> _Your goal_: Copy out every line of the data exactly.

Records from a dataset
===
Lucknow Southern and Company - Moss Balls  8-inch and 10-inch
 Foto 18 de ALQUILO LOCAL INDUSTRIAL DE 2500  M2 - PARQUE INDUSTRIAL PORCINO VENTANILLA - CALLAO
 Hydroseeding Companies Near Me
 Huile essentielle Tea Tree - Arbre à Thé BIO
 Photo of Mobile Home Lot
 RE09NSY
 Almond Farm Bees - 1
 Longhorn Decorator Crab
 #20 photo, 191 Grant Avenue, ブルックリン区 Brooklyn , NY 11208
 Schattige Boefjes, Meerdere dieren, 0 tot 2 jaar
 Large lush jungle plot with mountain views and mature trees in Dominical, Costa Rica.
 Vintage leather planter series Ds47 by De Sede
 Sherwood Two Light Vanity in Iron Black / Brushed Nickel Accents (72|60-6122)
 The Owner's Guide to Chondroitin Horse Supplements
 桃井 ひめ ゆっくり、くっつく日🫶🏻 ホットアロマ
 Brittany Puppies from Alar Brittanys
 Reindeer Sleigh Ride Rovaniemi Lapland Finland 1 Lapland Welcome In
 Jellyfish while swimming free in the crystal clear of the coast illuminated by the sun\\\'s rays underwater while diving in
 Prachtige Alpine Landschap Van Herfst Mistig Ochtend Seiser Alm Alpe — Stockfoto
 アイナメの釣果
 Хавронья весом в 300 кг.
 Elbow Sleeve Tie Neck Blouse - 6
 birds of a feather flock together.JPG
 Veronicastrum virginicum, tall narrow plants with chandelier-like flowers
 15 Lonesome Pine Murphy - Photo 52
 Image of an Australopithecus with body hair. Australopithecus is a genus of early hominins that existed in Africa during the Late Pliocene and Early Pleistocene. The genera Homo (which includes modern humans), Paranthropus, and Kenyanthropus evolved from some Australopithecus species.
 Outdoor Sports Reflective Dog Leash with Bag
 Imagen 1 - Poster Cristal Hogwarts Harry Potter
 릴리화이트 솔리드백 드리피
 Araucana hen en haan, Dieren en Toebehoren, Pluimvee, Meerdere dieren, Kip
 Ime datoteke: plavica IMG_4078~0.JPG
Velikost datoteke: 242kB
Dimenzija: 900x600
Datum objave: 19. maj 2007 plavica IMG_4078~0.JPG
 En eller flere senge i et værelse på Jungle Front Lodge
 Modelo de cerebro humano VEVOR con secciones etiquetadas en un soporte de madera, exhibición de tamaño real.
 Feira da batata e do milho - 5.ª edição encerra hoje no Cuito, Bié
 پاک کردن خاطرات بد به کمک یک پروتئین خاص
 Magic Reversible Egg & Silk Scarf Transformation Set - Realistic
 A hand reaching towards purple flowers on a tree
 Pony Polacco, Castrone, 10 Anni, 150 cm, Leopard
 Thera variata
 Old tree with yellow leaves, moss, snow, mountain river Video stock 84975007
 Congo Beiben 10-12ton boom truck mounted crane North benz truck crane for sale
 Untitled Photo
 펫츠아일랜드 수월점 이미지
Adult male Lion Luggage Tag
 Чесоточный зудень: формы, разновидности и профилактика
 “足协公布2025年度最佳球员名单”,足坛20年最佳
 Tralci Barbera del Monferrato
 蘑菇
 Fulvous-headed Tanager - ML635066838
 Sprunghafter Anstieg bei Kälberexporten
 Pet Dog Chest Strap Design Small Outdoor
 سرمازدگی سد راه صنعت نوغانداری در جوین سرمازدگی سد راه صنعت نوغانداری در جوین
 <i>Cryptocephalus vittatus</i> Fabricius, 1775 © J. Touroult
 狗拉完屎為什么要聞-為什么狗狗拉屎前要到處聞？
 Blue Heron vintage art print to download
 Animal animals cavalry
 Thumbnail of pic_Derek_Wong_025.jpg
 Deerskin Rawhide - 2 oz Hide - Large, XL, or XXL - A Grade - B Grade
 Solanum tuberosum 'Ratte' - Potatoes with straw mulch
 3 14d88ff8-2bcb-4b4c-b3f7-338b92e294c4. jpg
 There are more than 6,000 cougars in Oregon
===
> _Written answer_:
Lucknow Southern and Company - Moss Balls  8-inch and 10-inch
 Foto 18 de ALQUILO LOCAL INDUSTRIAL DE 2500  M2 - PARQUE INDUSTRIAL PORCINO VENTANILLA - CALLAO
 Hydroseeding Companies Near Me
 Huile essentielle Tea Tree - Arbre à Thé BIO
 Photo of Mobile Home Lot
 RE09NSY
 Almond Farm Bees - 1
 Longhorn Decorator Crab
 #20 photo, 191 Grant Avenue, ブルックリン区 Brooklyn , NY 11208
 Schattige Boefjes, Meerdere dieren, 0 tot 2 jaar
 Large lush jungle plot with mountain views and mature trees in Dominical, Costa Rica.
 Vintage leather planter series Ds47 by De Sede
 Sherwood Two Light Vanity in Iron Black / Brushed Nickel Accents (72|60-6122)
 The Owner's Guide to Chondroitin Horse Supplements
 桃井 ひめ ゆっくり、くっつく日🫶🏻 ホットアロマ
 Brittany Puppies from Alar Brittanys
 Reindeer Sleigh Ride Rovaniemi Lapland Finland 1 Lapland Welcome In
 Jellyfish while swimming free in the crystal clear of the coast illuminated by the sun\\\'s rays underwater while diving in
 Prachtige Alpine Landschap Van Herfst Mistig Ochtend Seiser Alm Alpe — Stockfoto
 アイナメの釣果
 Хавронья весом в 300 кг.
 Elbow Sleeve Tie Neck Blouse - 6
 birds of a feather flock together.JPG
 Veronicastrum virginicum, tall narrow plants with chandelier-like flowers
 15 Lonesome Pine Murphy - Photo 52
 Image of an Australopithecus with body hair. Australopithecus is a genus of early hominins that existed in Africa during the Late Pliocene and Early Pleistocene. The genera Homo (which includes modern humans), Paranthropus, and Kenyanthropus evolved from some Australopithecus species.
 Outdoor Sports Reflective Dog Leash with Bag
 Imagen 1 - Poster Cristal Hogwarts Harry Potter
 릴리화이트 솔리드백 드리피
 Araucana hen en haan, Dieren en Toebehoren, Pluimvee, Meerdere dieren, Kip
 Ime datoteke: plavica IMG_4078~0.JPG
Velikost datoteke: 242kB
Dimenzija: 900x600
Datum objave: 19. maj 2007 plavica IMG_4078~0.JPG
 En eller flere senge i et værelse på Jungle Front Lodge
 Modelo de cerebro humano VEVOR con secciones etiquetadas en un soporte de madera, exhibición de tamaño real.
 Feira da batata e do milho - 5.ª edição encerra hoje no Cuito, Bié
 پاک کردن خاطرات بد به کمک یک پروتئین خاص
 Magic Reversible Egg & Silk Scarf Transformation Set - Realistic
 A hand reaching towards purple flowers on a tree
 Pony Polacco, Castrone, 10 Anni, 150 cm, Leopard
 Thera variata
 Old tree with yellow leaves, moss, snow, mountain river Video stock 84975007
 Congo Beiben 10-12ton boom truck mounted crane North benz truck crane for sale
 Untitled Photo
 펫츠아일랜드 수월점 이미지
Adult male Lion Luggage Tag
 Чесоточный зудень: формы, разновидности и профилактика
 “足协公布2025年度最佳球员名单”,足坛20年最佳
 Tralci Barbera del Monferrato
 蘑菇
 Fulvous-headed Tanager - ML635066838
 Sprunghafter Anstieg bei Kälberexporten
 Pet Dog Chest Strap Design Small Outdoor
 سرمازدگی سد راه صنعت نوغانداری در جوین سرمازدگی سد راه صنعت نوغانداری در جوین
 <i>Cryptocephalus vittatus</i> Fabricius, 1775 © J. Touroult
 狗拉完屎為什么要聞-為什么狗狗拉屎前要到處聞？
 Blue Heron vintage art print to download
 Animal animals cavalry
 Thumbnail of pic_Derek_Wong_025.jpg
 Deerskin Rawhide - 2 oz Hide - Large, XL, or XXL - A Grade - B Grade
 Solanum tuberosum 'Ratte' - Potatoes with straw mulch
 3 14d88ff8-2bcb-4b4c-b3f7-338b92e294c4. jpg
 There are more than 6,000 cougars in Oregon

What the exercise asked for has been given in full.